In the CDP, the population was spread out, with 24.8% under the age of 18, 8.8% from 18 to 24, 29.8% from 25 to 44, 23.2% from 45 to 64, and 13.3% who were 65 years of age or older. The median age was 36 years. For every 100 females, there were 92.7 males. For every 100 females age 18 and over, there were 91.2 males.
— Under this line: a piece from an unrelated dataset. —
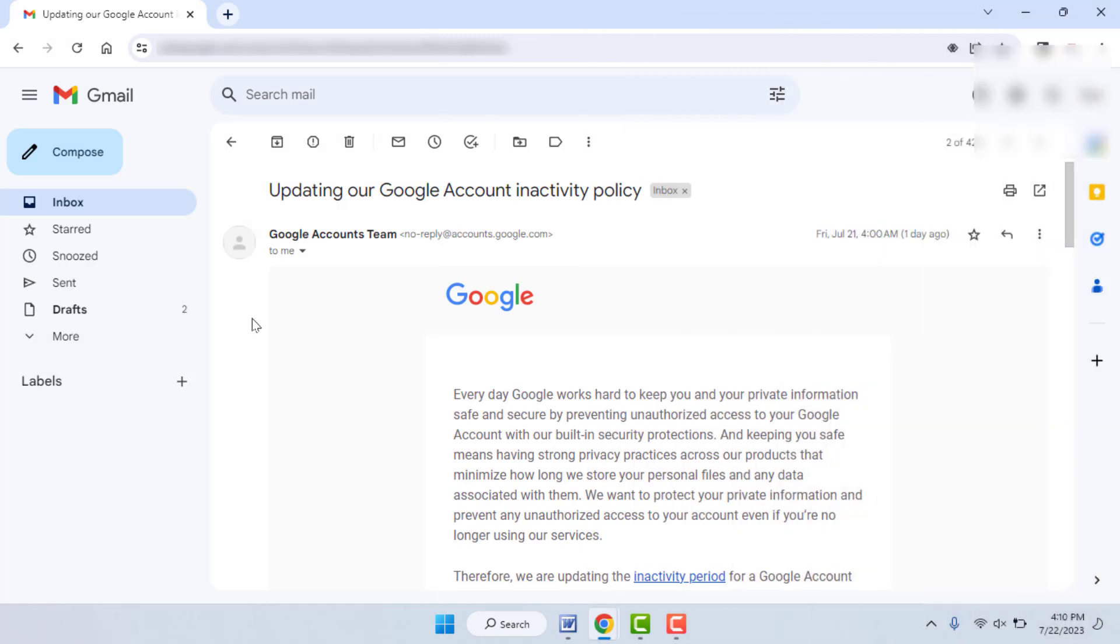Hello guys, how are you? Hope you all are doing well. Today I'm back with one of the most interesting videos. In this video tutorial, I'm going to show you a very important update from Google for Gmail users.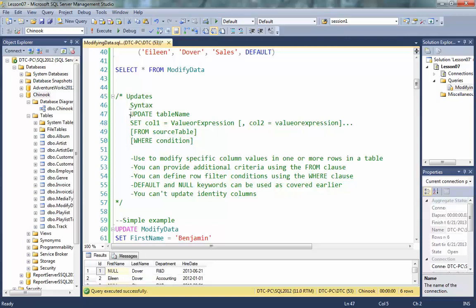In its simplest form, that's all there is to an update statement. You've got to be careful, though. The where condition is incredibly important. If you leave off the where condition, the update will make these changes to every row in the table.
The median income for a household in the CDP was $30,693, and the median income for a family was $36,528. Males had a median income of $32,135 versus $21,020 for females. The per capita income for the CDP was $14,902. About 13.8% of families and 20.2% of the population were below the poverty line, including 28.4% of those under age 18 and 17.7% of those age 65 or over.

==Education==
It is in the Aiken County Public School District. Zoned schools in most areas are Clearwater Elementary School, Langley-Bath-Clearwater (LBC) Middle School, and Midland Valley High School.